You mentioned the concept of ju, pulling when pushed is a pretty much text book definition of ju as in judo, ju jitsu, which can be translated as yielding. But - and this is possibly my fault fo muddying the water - yielding in tai chi push hands is a slightly different thing, but happens to be the same word in english. At least that's what I was taught back in the day.

Quote:
Cliff Judge wrote: View Post
Did you read HIPS?
Yes

Quote:
Cliff Judge wrote: View Post
I don't think merely offering no opposition gets you to a state of investment.
This is a bit of muddled thinking, the investment I referred to was one in training, investing in the early days to reap the rewards in the years to come, it was at no point some sort of 'state', offering no opposition is how Morihei Ueshiba described aiki on more than one occasion (well, non-dissent was what he said, I'm paraphrsing), please note that offering no opposition/non-dissent does not mean giving away your centre to your partner/opponent.

Quote:
Cliff Judge wrote: View Post
You need to actually absorb the energy somehow, or some of it. Then you give it back, plus perhaps some of your own.
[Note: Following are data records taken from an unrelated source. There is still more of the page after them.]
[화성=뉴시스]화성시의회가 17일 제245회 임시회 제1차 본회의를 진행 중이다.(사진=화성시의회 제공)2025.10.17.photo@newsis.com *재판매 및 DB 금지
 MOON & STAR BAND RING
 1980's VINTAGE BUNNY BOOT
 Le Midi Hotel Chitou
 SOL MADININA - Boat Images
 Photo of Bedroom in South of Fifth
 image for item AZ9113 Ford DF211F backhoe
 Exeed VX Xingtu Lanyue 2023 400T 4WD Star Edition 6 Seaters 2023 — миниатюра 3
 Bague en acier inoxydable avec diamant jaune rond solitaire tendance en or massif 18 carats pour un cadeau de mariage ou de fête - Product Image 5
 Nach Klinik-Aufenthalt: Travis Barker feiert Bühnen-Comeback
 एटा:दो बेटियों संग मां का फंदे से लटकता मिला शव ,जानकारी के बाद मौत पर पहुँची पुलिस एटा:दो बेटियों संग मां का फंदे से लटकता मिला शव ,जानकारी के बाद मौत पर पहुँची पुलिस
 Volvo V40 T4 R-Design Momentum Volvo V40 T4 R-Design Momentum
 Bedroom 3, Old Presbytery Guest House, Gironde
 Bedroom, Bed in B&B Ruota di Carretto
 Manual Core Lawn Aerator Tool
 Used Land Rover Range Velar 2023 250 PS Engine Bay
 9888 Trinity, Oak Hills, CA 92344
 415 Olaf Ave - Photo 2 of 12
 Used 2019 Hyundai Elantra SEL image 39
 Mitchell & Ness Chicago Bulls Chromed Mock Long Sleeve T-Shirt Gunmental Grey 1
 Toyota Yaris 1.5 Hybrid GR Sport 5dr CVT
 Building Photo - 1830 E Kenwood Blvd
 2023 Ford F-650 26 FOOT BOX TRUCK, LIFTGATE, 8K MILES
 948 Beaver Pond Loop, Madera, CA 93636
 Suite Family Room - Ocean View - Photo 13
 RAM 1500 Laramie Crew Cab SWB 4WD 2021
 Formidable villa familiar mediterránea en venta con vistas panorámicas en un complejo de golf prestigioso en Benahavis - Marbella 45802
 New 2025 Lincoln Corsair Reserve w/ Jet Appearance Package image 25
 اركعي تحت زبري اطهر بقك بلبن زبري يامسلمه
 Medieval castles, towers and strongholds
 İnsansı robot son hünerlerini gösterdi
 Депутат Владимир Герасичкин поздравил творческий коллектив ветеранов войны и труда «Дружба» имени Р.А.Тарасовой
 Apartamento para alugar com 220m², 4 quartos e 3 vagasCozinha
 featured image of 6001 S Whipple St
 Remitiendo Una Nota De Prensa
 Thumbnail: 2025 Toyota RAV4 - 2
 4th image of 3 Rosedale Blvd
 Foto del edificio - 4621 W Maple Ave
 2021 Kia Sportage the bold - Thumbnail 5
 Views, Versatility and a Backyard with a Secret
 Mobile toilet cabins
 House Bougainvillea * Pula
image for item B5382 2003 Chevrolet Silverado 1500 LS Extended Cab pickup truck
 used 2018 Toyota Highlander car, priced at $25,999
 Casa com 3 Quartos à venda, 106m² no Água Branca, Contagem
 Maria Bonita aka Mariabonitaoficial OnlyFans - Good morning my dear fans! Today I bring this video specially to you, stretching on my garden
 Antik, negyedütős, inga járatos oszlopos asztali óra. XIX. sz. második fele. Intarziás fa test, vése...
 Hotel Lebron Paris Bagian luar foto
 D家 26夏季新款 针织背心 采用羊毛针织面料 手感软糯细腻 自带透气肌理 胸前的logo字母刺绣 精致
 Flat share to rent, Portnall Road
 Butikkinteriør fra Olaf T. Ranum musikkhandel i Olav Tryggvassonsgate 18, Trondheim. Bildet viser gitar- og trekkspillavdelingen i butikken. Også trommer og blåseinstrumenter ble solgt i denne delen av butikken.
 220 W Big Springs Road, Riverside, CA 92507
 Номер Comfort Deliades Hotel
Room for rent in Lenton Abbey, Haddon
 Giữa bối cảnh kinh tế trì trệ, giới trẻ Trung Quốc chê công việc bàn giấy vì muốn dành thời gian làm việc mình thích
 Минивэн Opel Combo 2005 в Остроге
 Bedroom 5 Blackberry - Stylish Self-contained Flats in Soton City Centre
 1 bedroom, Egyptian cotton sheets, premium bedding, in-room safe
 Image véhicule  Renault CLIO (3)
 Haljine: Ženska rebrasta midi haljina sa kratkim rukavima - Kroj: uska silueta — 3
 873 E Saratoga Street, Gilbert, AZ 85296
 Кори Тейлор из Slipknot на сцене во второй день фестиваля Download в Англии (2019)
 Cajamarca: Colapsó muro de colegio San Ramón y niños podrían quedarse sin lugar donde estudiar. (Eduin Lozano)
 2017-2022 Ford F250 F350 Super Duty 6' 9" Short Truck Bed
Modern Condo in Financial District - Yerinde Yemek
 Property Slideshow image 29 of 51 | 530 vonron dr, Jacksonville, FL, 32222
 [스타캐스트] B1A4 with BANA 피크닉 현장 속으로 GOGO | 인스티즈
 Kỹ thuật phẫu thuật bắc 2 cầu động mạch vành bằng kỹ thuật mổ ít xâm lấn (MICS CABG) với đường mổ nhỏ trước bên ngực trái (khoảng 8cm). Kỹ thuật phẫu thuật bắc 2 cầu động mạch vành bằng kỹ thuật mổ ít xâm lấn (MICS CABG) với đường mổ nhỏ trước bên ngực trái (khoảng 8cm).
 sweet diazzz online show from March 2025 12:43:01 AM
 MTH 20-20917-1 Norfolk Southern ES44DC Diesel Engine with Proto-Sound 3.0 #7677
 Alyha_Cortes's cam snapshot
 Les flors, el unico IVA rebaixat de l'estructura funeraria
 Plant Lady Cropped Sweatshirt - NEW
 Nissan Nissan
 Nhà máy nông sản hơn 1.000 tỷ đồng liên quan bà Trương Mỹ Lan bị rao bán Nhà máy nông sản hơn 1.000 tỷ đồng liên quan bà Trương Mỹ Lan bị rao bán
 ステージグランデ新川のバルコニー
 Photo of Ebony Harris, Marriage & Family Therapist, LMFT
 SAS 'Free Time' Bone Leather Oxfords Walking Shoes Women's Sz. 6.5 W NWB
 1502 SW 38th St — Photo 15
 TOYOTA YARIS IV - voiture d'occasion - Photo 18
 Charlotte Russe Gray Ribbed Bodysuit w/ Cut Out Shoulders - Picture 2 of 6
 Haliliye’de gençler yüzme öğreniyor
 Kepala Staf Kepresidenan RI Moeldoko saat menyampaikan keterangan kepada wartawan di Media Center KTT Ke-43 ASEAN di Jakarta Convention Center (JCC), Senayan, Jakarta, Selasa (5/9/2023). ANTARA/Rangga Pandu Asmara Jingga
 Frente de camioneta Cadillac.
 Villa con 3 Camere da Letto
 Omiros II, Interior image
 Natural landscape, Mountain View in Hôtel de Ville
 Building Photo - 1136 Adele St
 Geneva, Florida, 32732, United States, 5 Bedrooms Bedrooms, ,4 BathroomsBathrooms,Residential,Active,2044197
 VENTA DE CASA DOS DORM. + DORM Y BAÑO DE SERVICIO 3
I think this is what the investment in loss thing is about.
Not the way I was told about it, investment in loss is nothing to do with absorbing energy and giving it back, it was about a training paradigm where you spend a lot of time focusing on non-dissent with your partner so you can shed the idea that it is necessary to win an encounter or defeat someone somehow, this does not mean giving away your centre and easily falling over when only lightly touched, it's instead about giving up the idea of fighting which is what you need to do to be able to learn to feel the power someone is applying to your body.

An example my aikido teacher gives is that if you grip my wrist hard you won't be able to feel what I'm doing to you very easily as your hard grip decreases your sensitivity to how I am directing the forces within my body and yours. If I'm doing it right you'll fall over without ever knowing what I did to you because you hard grip decreases your sensitivity, your hard grip is abut having a fighting mind and a desire to dominate me. If you instead invest in losing then you are training yourself to give up that fighting mind, once you do that you can start to feel what is happening in the interplay of energies between us.

Quote:
Cliff Judge wrote: View Post
I think this might be different than aiki, actually. I think of aiki as more of an instantaneous feeding back of the energy, but you send it back along a different line than it came in on. There is no investment, its hand-to-mouth, cash-in cash-out.
I never said was aiki, I'm just interested in what effects such a training paradigm might have over the long term.

"Our scientific power has outrun our spiritual power. We have guided missiles and misguided men."